INFORMATION SUPPLIED
"""

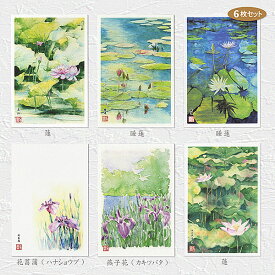 楽天市場 菖蒲 絵葉書の通販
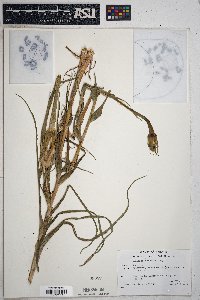 Tragopogon mirus image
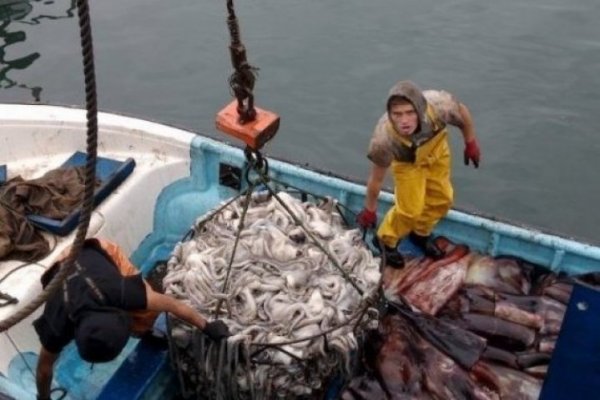 <p>Tribunal Constitucional desestima acción de pesquera Landes contra Ley de la Jibia</p>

"""

Transcribe exactly the line that contains "Tragopogon mirus image" and each line after it through the end of the listing. Leave out the pictures.

 Tragopogon mirus image
 <p>Tribunal Constitucional desestima acción de pesquera Landes contra Ley de la Jibia</p>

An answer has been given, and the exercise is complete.